Yellow Dancer (/ja/) is the fourth studio album by Japanese singer-songwriter and musician Gen Hoshino, released by Speedstar Records on December 2, 2015.

== Development ==

=== Background ===
Japanese singer-songwriter and musician Gen Hoshino emerged as a primarily acoustic pop artist with his debut albums Baka no Uta (2010) and Episode (2011). Hoshino's parents were both fans of jazz: his father (a jazz piano hobbyist) and his mother (who at one point aimed to be a jazz vocalist) would together "play modern jazz and R&B every day around the house". With his instrumental band Sakerock formed in 2000, Hoshino performed songs inspired by funk, soul, jazz, and R&B, and experimented with a mixture of Japanese and African-American styles on the B-sides to his singles, such as "Yuge" on "Kudaranai no Naka ni" (2011), "Moshi mo" on "Film" (2012), or "Kisetsu" on "Shiranai" (2013).

Whilst in the process of wrapping up recording for his third album, Hoshino collapsed to a subarachnoid hemorrhage in December 2012. After a three-month hiatus, Stranger was released, which brought his sound into a more up-beat direction through greater use of synthesizer and string sections.

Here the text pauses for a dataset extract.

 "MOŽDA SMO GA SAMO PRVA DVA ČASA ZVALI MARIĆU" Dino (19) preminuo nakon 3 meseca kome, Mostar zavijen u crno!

Only a week later, he followed Stranger with the non-album rock and roll single "Gag" for the anime film Saint Young Men, but assumed a second hiatus in June after a reinspection discovered a relapse in his hemorrhage. While awaiting the reinspection, Hoshino wrote the lyrics to "Why Don't You Play in Hell?" (地獄でなぜ悪い, Jigoku de Naze Warui) – the theme song to the Sion Sono film of the same name – and had it released on October 2, 2013, whilst still on hiatus. Hoshino used the song to reconsider his musical roots ("1960s jazz, soul, Motown sound black music") and was his first time incorporating African-American influences on an A-side.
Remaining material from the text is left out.